I very slowly showed him that they were fake by picking them up and puppeteering them so they were funny. Then they would "dance" because my son likes dancing. My son then started to cautiously touch them.

LOL Now he just picks them up as if they were nuthin'! Maybe he has a future as a coroner or mortitian?


----------



## Eyes_in_the_dark (Jun 15, 2006)

Thanks for the suggestion all, I will try each one and see what happens.


----------



## Bone Dancer (Oct 7, 2005)

Good job you guys. Thats the main thing I like about this place is everybody is ready an willing to help. And good luck to you Eitd.


----------



## IshWitch (May 31, 2006)

Good suggestions all!

I agree, make them fun/funny and offer to let the child build one or help you with building one. They love it when something they do or help with is "theirs" so let them own some if they help with them.


----------



## darryl (Mar 23, 2006)

I have a 3 and 6 year old. I don't know, I just make it a part of their life. I bring the bucky upstairs or leave it in the open in the garage. I work on things infront of them and of course let them see that it's not real and they seem to be fine. For my 6 year old daughter it was the need to name the props and she seemed okay. 
Of course last night I was looking at vids of Scary terry products, the Fox Productions website and other talking skull stuff and my 3 yr old son found them fascinating and watched too. So I asked him if we should make one and he said yes. But when he went to bed shortly after he had to have me lay with him with the light on!! I knew I was pushing it.


----------



## Haunted Neurons (Jun 23, 2006)

Letting her get involved with setting up and or building stuff of her own would help. Maybe even drawing scary Holloween faces on paper. 

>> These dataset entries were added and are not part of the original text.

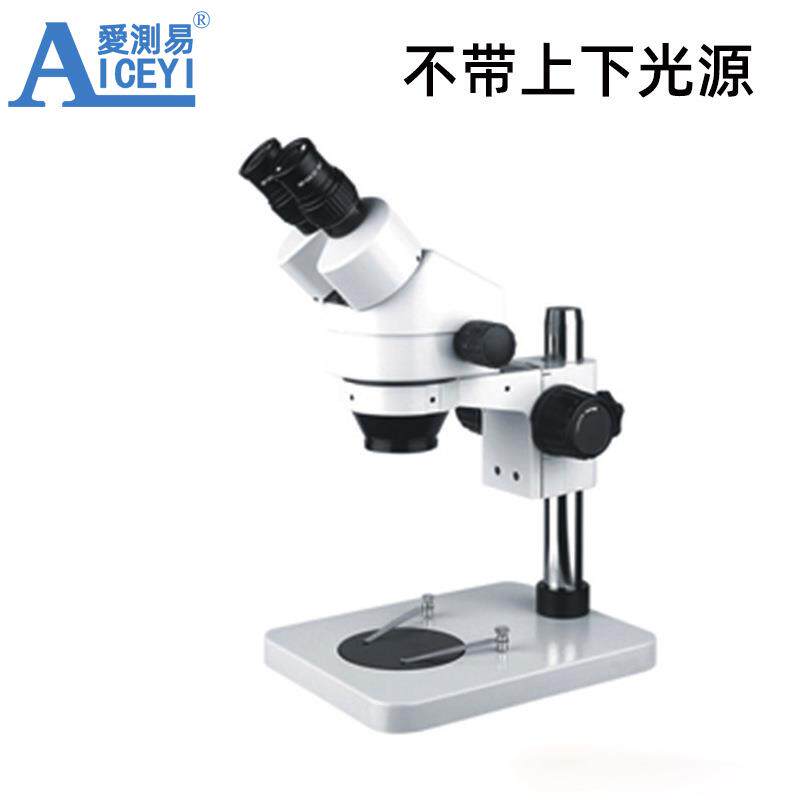 爱测易 工业工具连续变倍体视显微镜带光源7- 45X 配有大视场目镜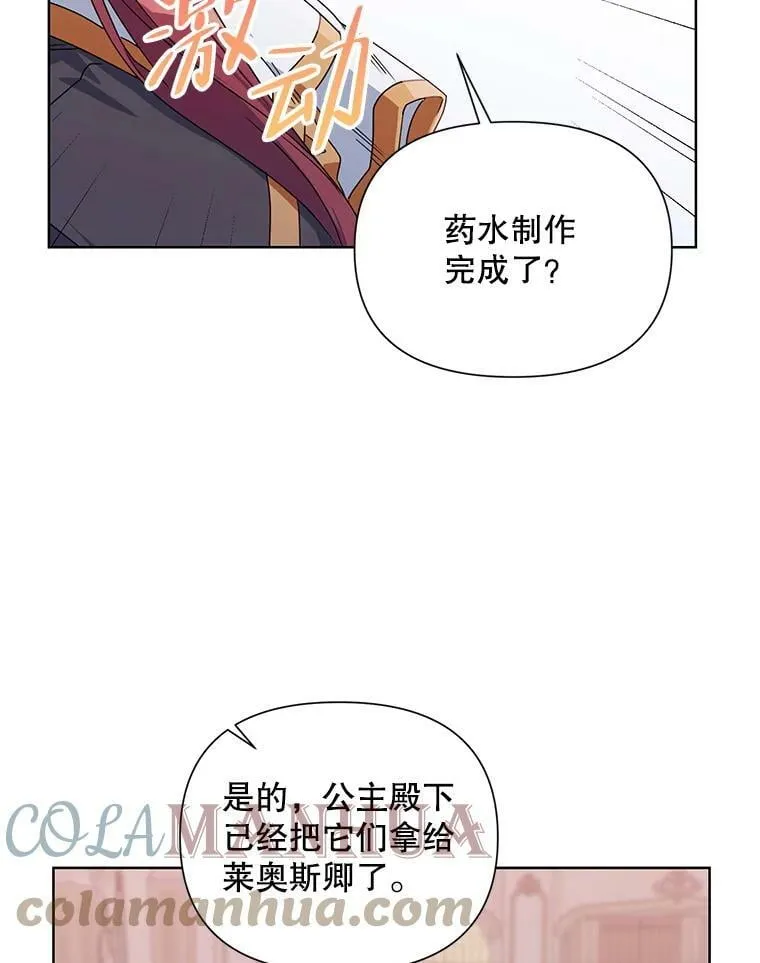 52.挑衅 第33页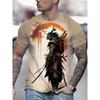Plus Size Men's Fashion Samurai Graphic T-Shirt, 3D Print Trendy Stylish Top, Mature & Elegant Style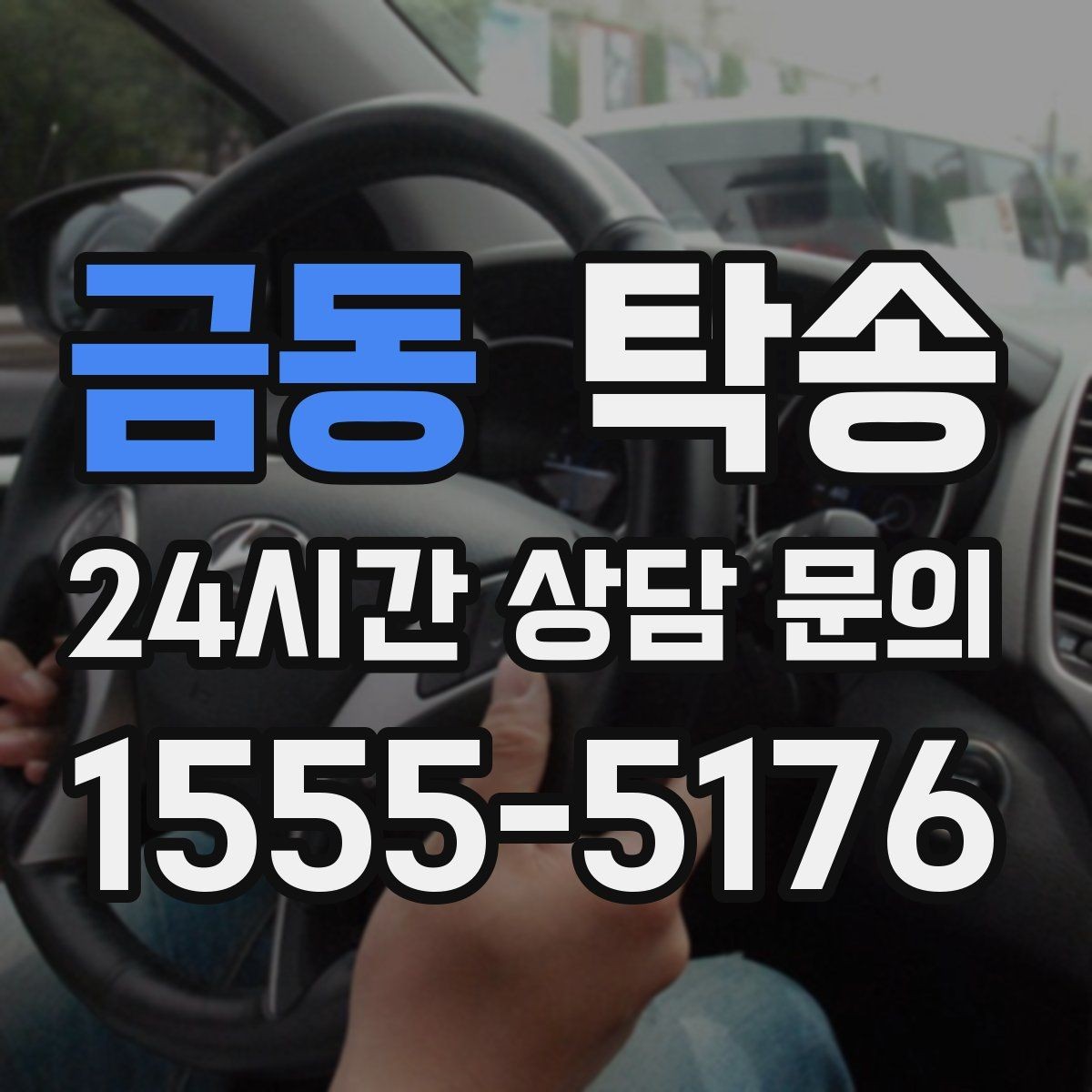 금동 탁송 적정 온도와 환기로 쾌적함 유지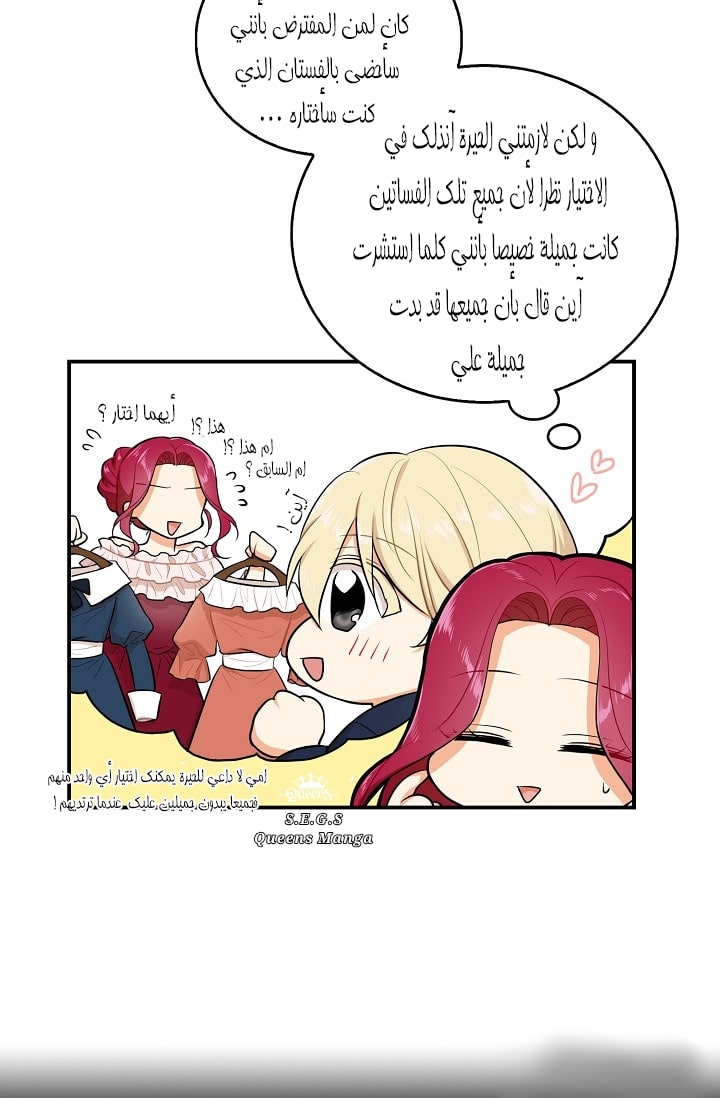 I Became the Mother of the Villain: Chapter 16 - Page 14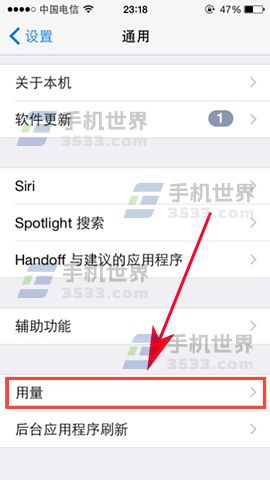iphone删除系统更新包_软件自学网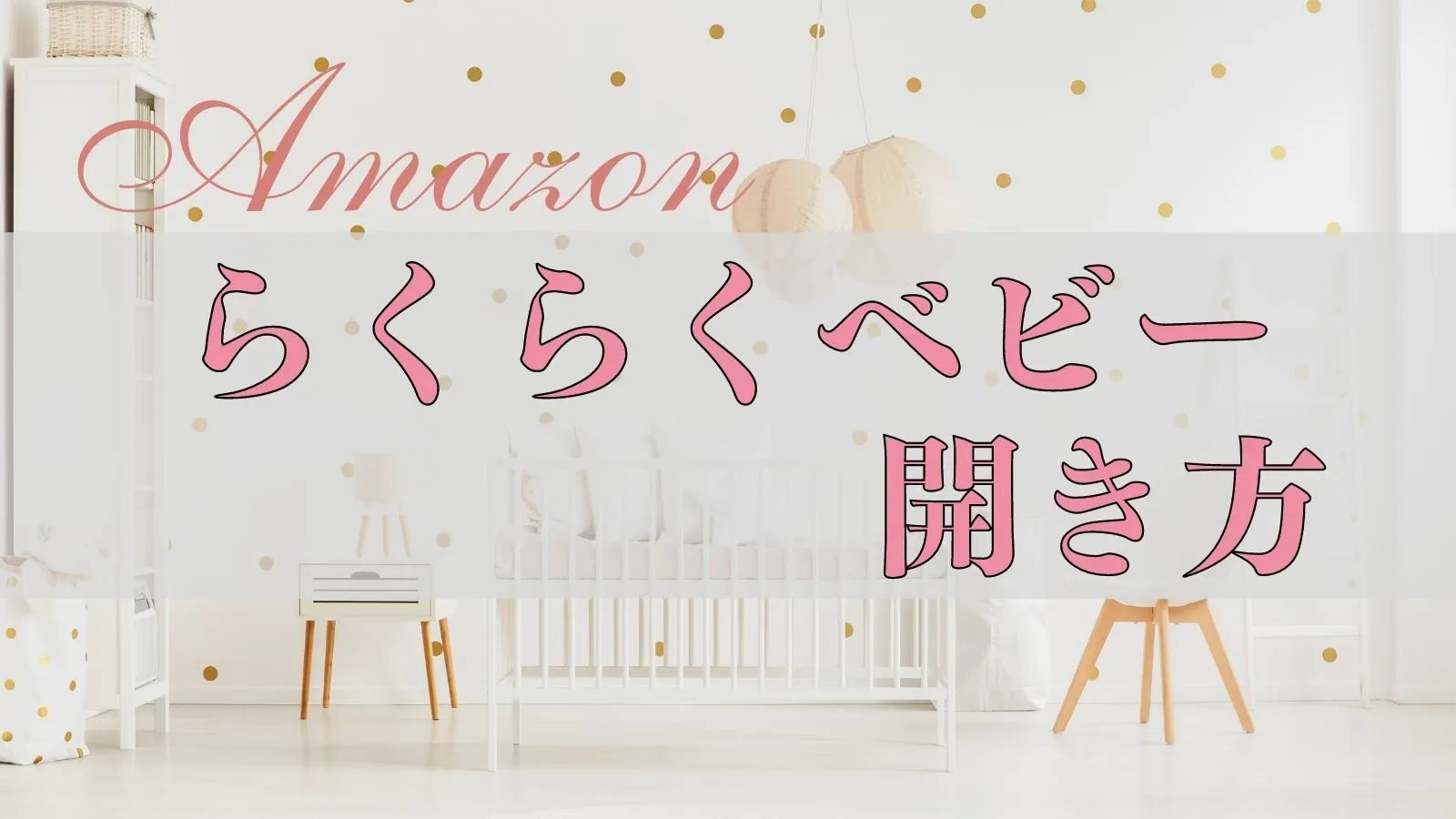 Amazonらくらくベビー・マイベビーリストはどこから見るの？を解説！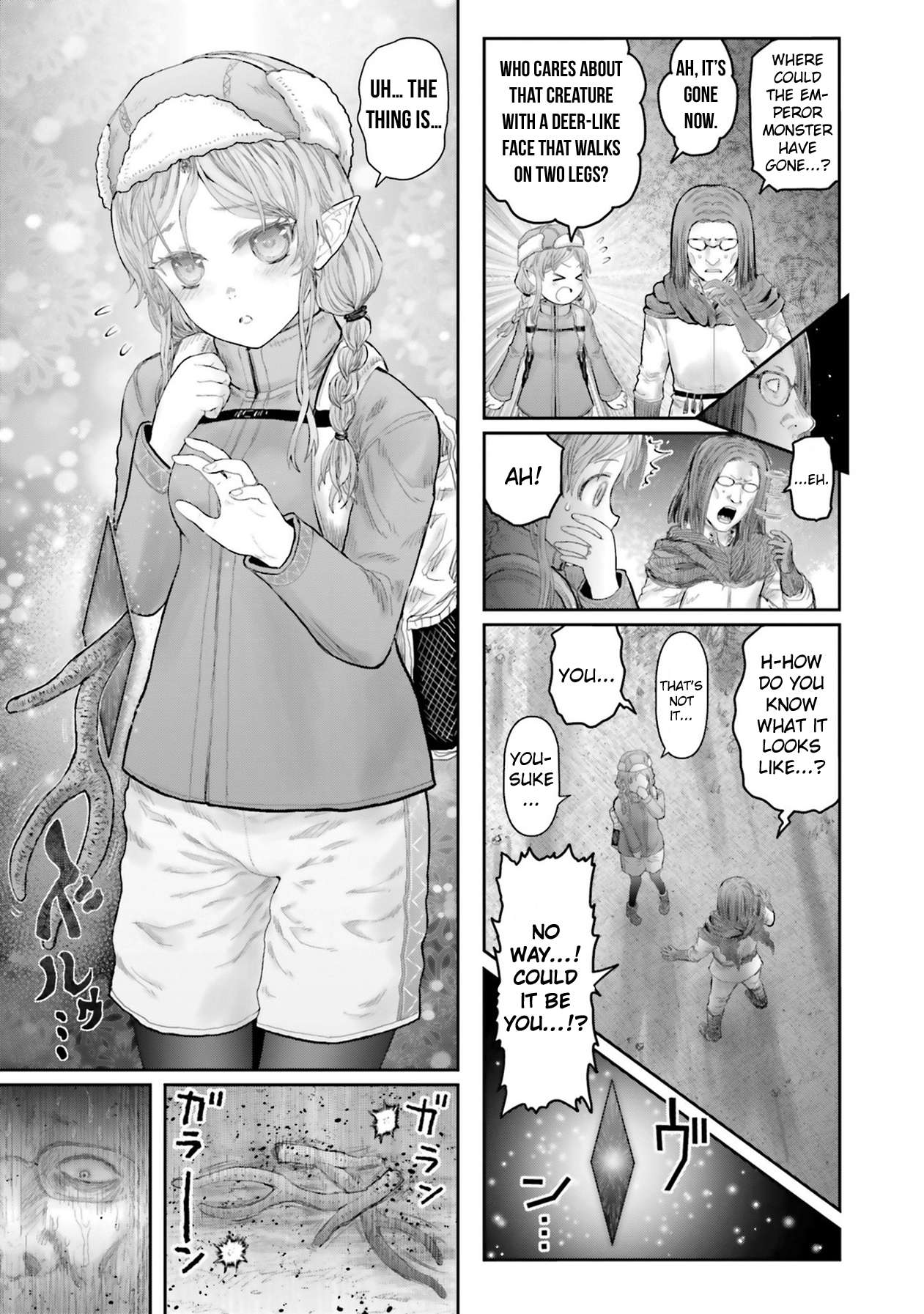 Boy’s Abyss, Chapter 67.5 image 07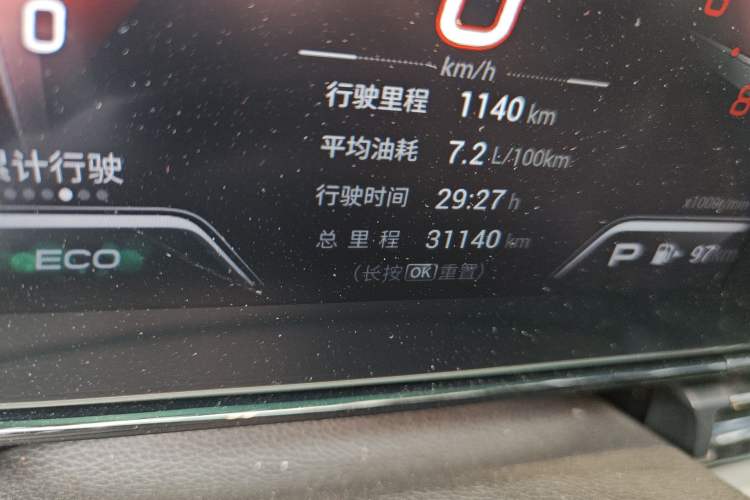 Used GAC Trumpchi EMPOW 2021 270T DCT J15 Version Odometer Close Up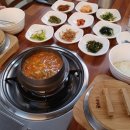 호호아줌마 이미지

A neighbor who has a young one and several older ones had a sit down tea party with a prop and his young daughter. He moved the prop (a big plastic skeleton) around and acted goofy and made the skeleton sip tea. I didnt see this first hand but I whish I had been there with a camcorder. It must have been a hoot. I dont think it was real effective though because when she saw a more morbid looking corpse it still scared her.

Im sure some kids take it different than others.

Good luck


----------



## Dr Morbius (Sep 21, 2004)

Just wait till they get older...Then you'll be afraid of THEM!


----------



## Eyes_in_the_dark (Jun 15, 2006)

Dr Morbius said:


> Just wait till they get older...Then you'll be afraid of THEM!


ROFL, I know what you mean I also have a 16 year old!  Thanks everyone I will work with her over the summer using some of your ideas and see what happens.


----------



## faerydreams (Jun 28, 2006)

I thought I would have the same problem with my kids. So last year I had a "cute" side of the yard for them (decorations of their choice), and a "scary"(decorations of my choice) side of the yard. However, they ended up liking the scary side of the yard better.


----------



## slightlymad (May 25, 2006)

When the kids were younger (oh so long ago) we took everything out early and left them around in longer doses untill it seemed normal and a resistance was built up. The only one that took along time was our youngest but now she helps with evrything and actually lets me know when something is to corny.


----------



## Big Howlin (Jul 15, 2006)

*All I can say is, sooo glad were having a boy! (I want a girl too) BUT! For now, soo happy... Ijust hope he loves halloween like his old man*


----------



## slimy (Jul 12, 2006)

I don't have kids, but this is what I did with the nieghbors: I used a rubber rat. From a distance it's pretty scary but when you let the kids touch it and feel that its rubber 'fur' doesn't feel like anything real. Then push the squeeker. Absolutely nothing scary about the squeeker. Let the kids squeek it. It's not real, it's make believe. That's what this yard is, a big ol rubber rat. It's not real it's make believe. I let them keep the rat. They named it 'squeeky'. They came over that year to get candy and brought squeeky with them.


----------



## Big Howlin (Jul 15, 2006)

awww....kids r so cute.


----------